Can anyone tell me whether it is a good idea to get my pension and social security direct deposited to Spain? Right now, I use Transferwise to send money.


----------



## xicoalc (Apr 20, 2010)

surabela said:


> Can anyone tell me whether it is a good idea to get my pension and social security direct deposited to Spain? Right now, I use Transferwise to send money.


I see you are from the USA so things may differ from my experience but my late mother had her pension sent directly to Spain and we were advised it was better this way as she received a better exchange rate due to the way the UK system sends payments overseas. I would ask the sending party to check what charges apply and the rate on a certain day and then check to see what rate and charges would apply at the same time with your forex company.


----------



## Bevdeforges (Nov 16, 2007)

Generally speaking, the direct deposit of US social security benefits goes through the local embassy/consulate. Given the sheer volume of the transfer each month, the consulate is able to get the best possible rate of exchange and they won't charge you a transaction fee. (Plus, as far as your bank is concerned, it's a "local" transfer from within Spain.)

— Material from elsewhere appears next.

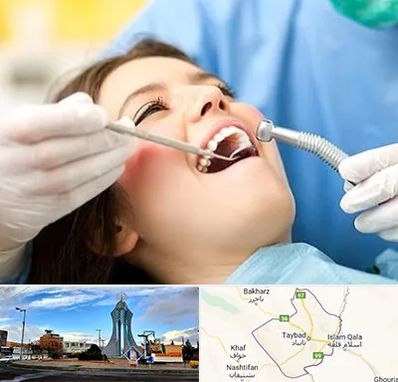 کلینیک دندانپزشکی در تایباد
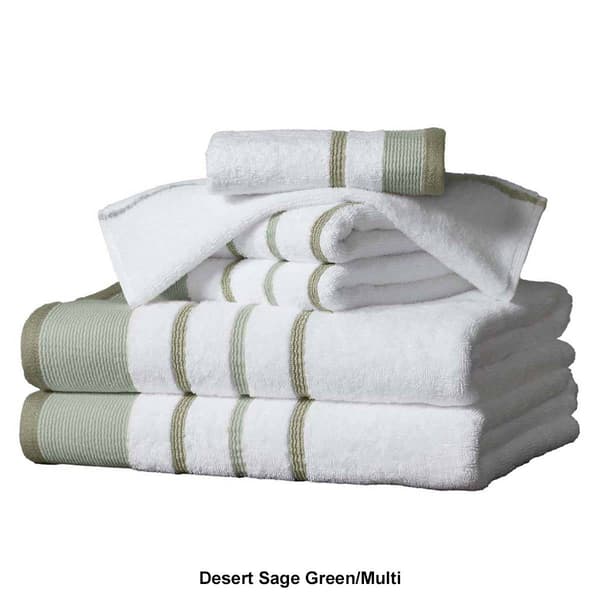 Freshfolds Noelle 6pc. Decorative Towel Collection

I also use Transferwise for my IRA withdrawals, and while they are really good for regular transfers like this, they do have to charge a fee on transfers from the US to the EU. I'll continue to use them for the IRA withdrawals, but plan on signing up for direct deposit of SS benefits through the embassy/consulate.
Cheers,
Bev


----------



## gairloch (Jun 24, 2011)

SSA - Social Security recipients [YES]: They will send your payment to a foreign bank.
If you live outside the United States but do not have an account with a U.S. bank or credit union you may write the Social Security Administration at: Social Security Administration Office of International Operations P.O. Box 17775 Baltimore, Maryland 21235-7775 for more information on international payment options. Or visit them online : 
and here
Online Services: Retirement Benefits
Other Services: Payment Outside the United States Tool


----------



## gairloch (Jun 24, 2011)

The exchange is handled by the Fed on their end so it should be a good exchange rate.


----------